What can we take away from this year?

 

Article Content

As people who commute know all too well, as soon as someone says, "Traffic seems light," cars come to a grinding halt. I often experienced a similar phenomenon when working in the ED: a supervisor making rounds would say, "Looks like things are nice and quiet," and then we would immediately be inundated with a slew of admissions, patients crashing, and upset families. Jinxed.

  
Figure. Maureen Shaw... - Click to enlarge in new windowFigure.
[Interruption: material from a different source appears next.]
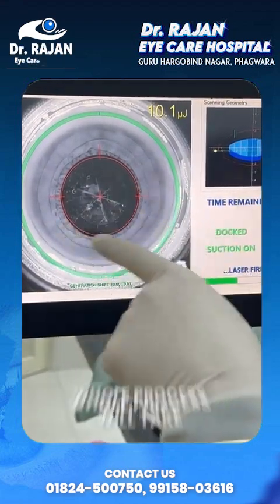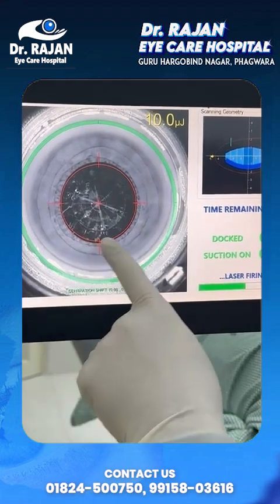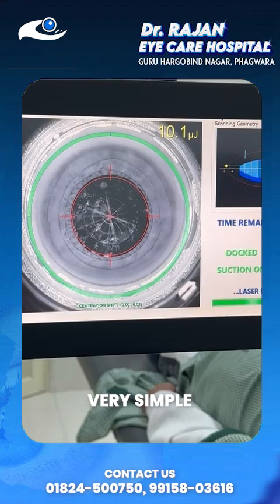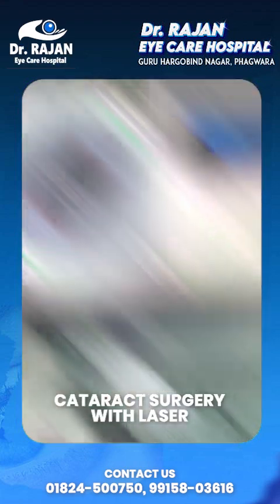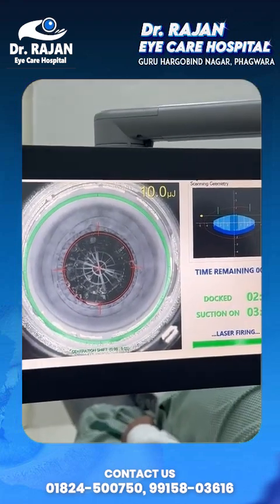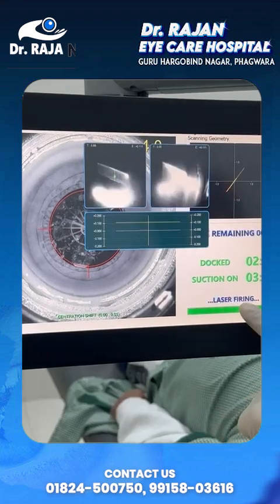The whole process is going to take around 45 seconds. You can see how beautifully this cataract is breaking down. This is a very simplified cataract surgery with the laser — only 45 seconds. Now the second part: with the laser only, we are locating the cornea.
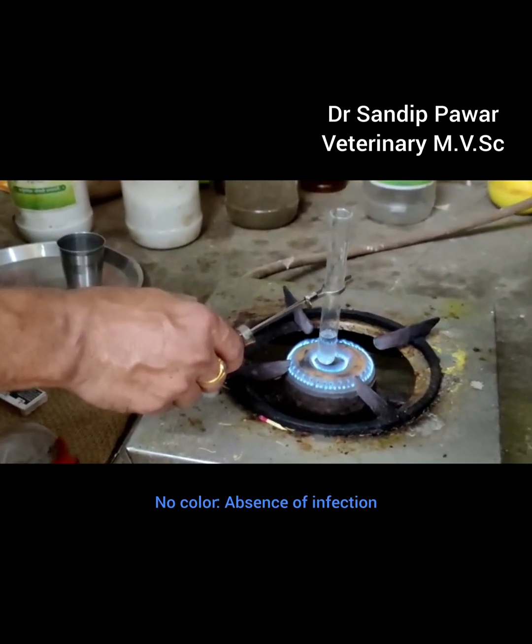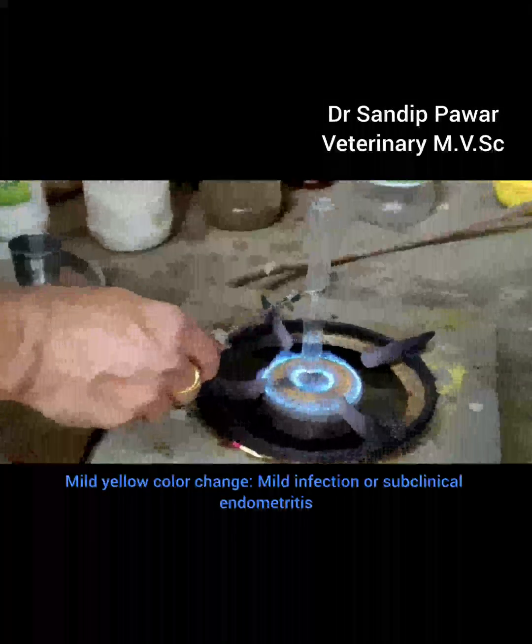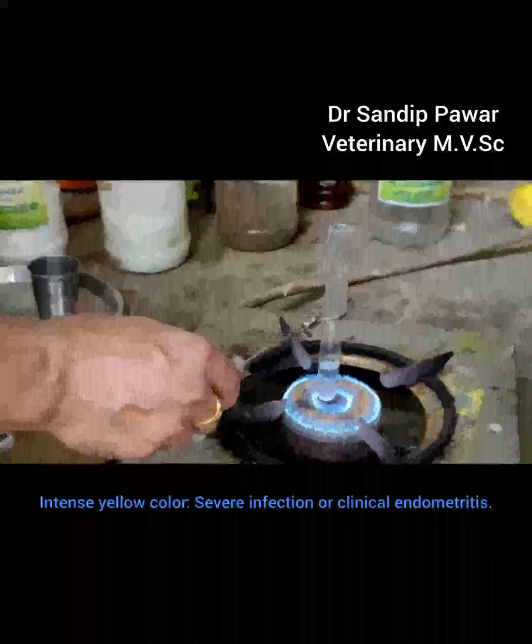No color change indicates the absence of infection. A mild yellow color change indicates mild infection or subclinical endometritis. An intense yellow color indicates severe infection or clinical endometritis.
Maureen Shawn Kennedy

I feel that way about this past year-the year designated by the World Health Organization (WHO) as "The Year of the Nurse and the Midwife" to recognize the essential roles of these clinicians in improving care around the world. Major reports, including the first-ever report on the State of the World's Nursing (SoWN), released by the WHO in April, and a second Future of Nursing report, whose release was delayed until Spring 2021 because of COVID-19, were setting an agenda to guide nursing in the next decade, as the profession was increasingly recognized as key to achieving global health care goals. I even titled my December 2019 editorial "Anticipating a Banner Year for Nursing," highlighting the yearlong celebrations that would give nursing the recognition it so deserves.

 

Well, I was correct that 2020 was a banner year, but for the wrong reason-it wasn't a year of celebration, it was a year that showcased the value and critical role of nurses.

 

In health care, practice settings ramped up to redesign units and reallocate and reeducate staff to manage patients severely ill with COVID-19. Nursing education went online; new partnerships were forged between academia and hospitals so students could continue their education and to ensure new graduates were safe and competent to practice. Journals revamped content to provide nurses with information about this new coronavirus, changing care protocols, and the issues around having enough resources for patients as well as for protecting clinicians. Nursing conferences went virtual or were canceled altogether.

 

Usually I interview the president of the American Association of Critical-Care Nurses (AACN) at its annual meeting in May. Of course, that didn't happen this year, and it wasn't until September that I spoke by phone with the AACN's current president, Elizabeth Bridges, PhD, RN, CCNS, FCCM, FAAN. (You can listen to a podcast of our interview by going to http://www.ajnonline.com and clicking on the "Multimedia" tab, and then on "Podcasts" and "Conversations.") Bridges is a professor at the University of Washington School of Nursing, and a clinical nurse researcher at the University of Washington Medical Center. It's tradition that each president sets a theme for the year and the one that Bridges picked (back in November 2019, pre-COVID) was "This is Our Moment-All In." It seems prophetic given what's happened.

 

Bridges' community, Seattle, was the first in the United States to be affected by COVID-19, and so, as she notes, "There was no playbook." Her university shut down on-site courses, and Bridges' job quickly became focused on increasing the capacity of the hospital and nurses to provide care to the surge of severely ill patients hospitalized with this new disease. Additionally, as the AACN president, she had to continue the governance of the organization and help it "turn on a dime" to reprioritize initiatives to provide COVID-19 educational resources and "to help nurses maintain their own wellness, which will now be an even more important ongoing focus."

 

As we go forward from this difficult year that was supposed to be one of celebration, we should take great pride in the fact that, perhaps for the first time, at the same time, nurses' work, commitment, and skills are visible all over the world. Bridges' theme is alive globally-nurses are "all in." The issue now, as Leslie Mancuso and Patricia Davidson noted in AJN's May guest editorial, is that achieving the United Nations' sustainable development goals depends on nurses. Mancuso and Davidson urge nurses to use the SoWN report "to spur pro-nurse policies and government investments. . . . Simply, the health of the world hinges on it." This is our moment. Be all in.